▶ [EXERCISE BRIEF] Restate the listing below word for word, and leave its pictures behind.

---------------

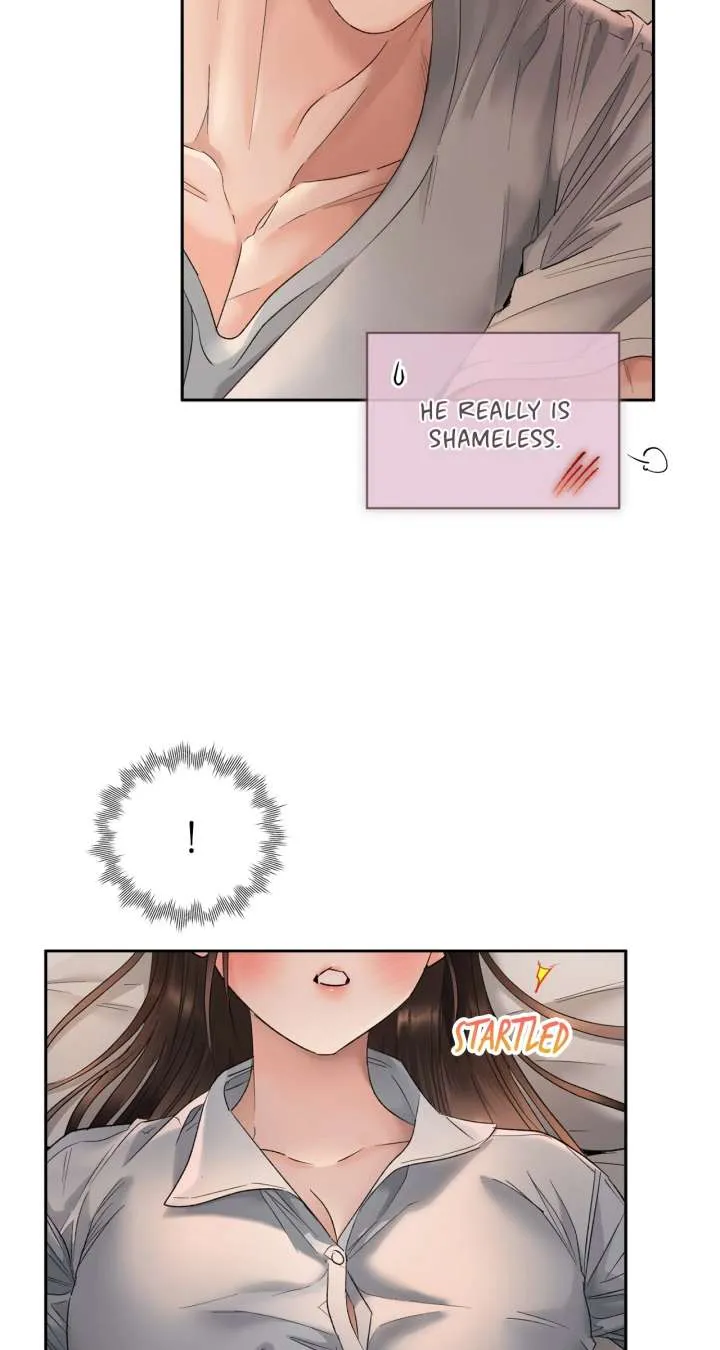 Quiet in the Office! Chapter 88 Online - pƔgina 24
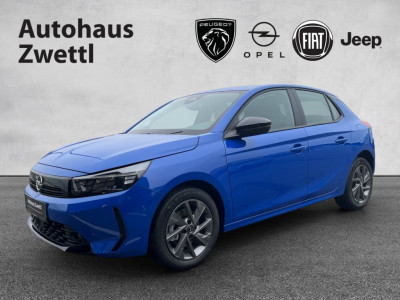 Opel Corsa Neuwagen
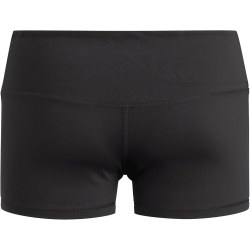 adidas 4" Volleyball Trainingsshorts Damen JL5435 - black M/3"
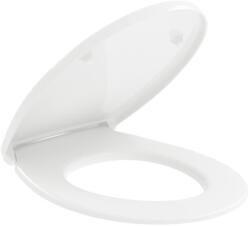 Villeroy & Boch 8M43S101 - WC-ülőke SoftClose O. NOVO fehér 8M43S101 (VB0081)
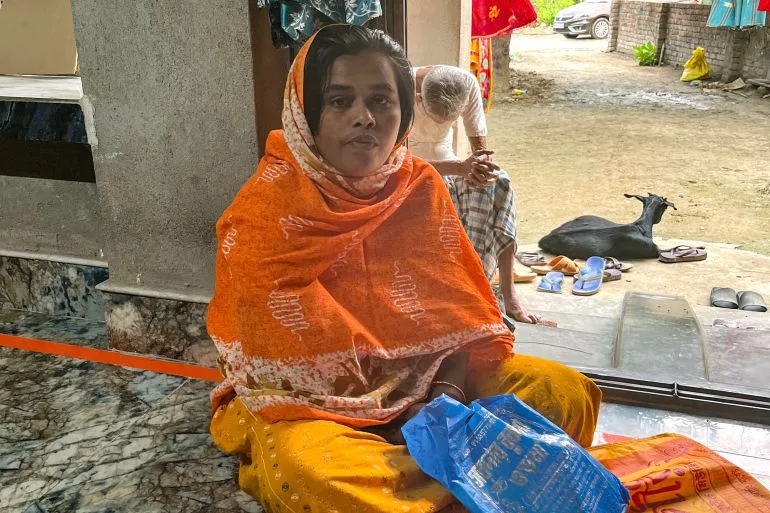 Bengal Election: Mass Delete Disrupts Vote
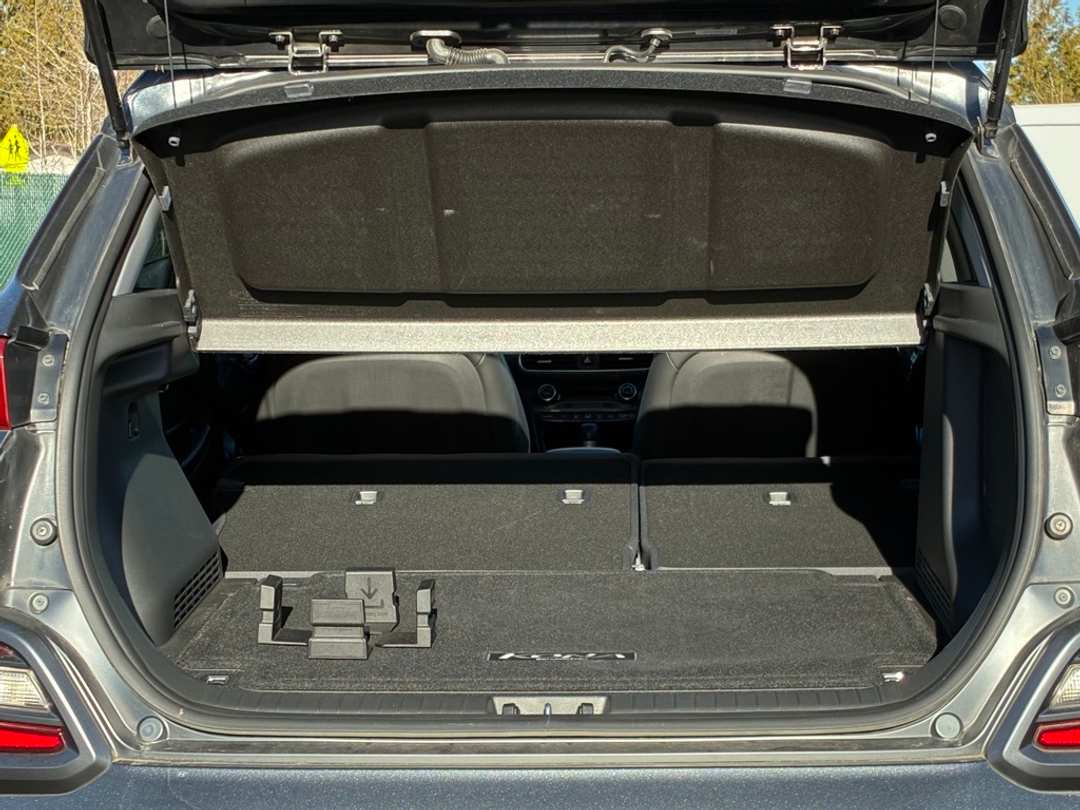 2021 Hyundai Kona Limited - Image 26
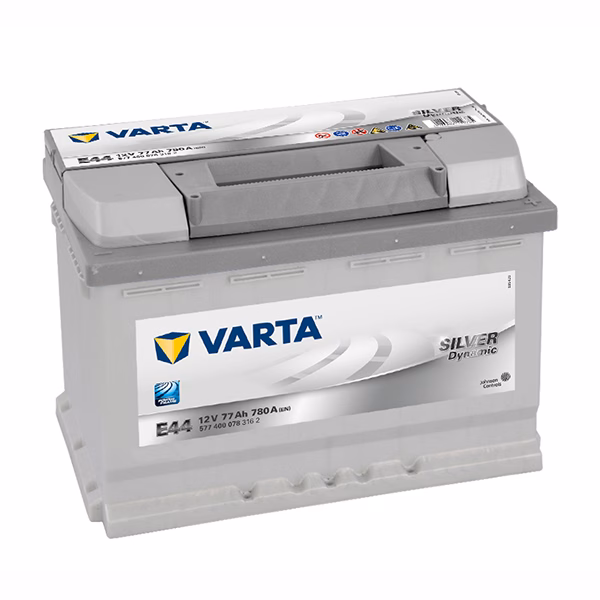 Automotive Starting Battery - E44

---------------

▶ [SOLUTION]
 Quiet in the Office! Chapter 88 Online - pƔgina 24
 Opel Corsa Neuwagen
 adidas 4" Volleyball Trainingsshorts Damen JL5435 - black M/3"
 Villeroy & Boch 8M43S101 - WC-ülőke SoftClose O. NOVO fehér 8M43S101 (VB0081)
 Bengal Election: Mass Delete Disrupts Vote
 2021 Hyundai Kona Limited - Image 26
 Automotive Starting Battery - E44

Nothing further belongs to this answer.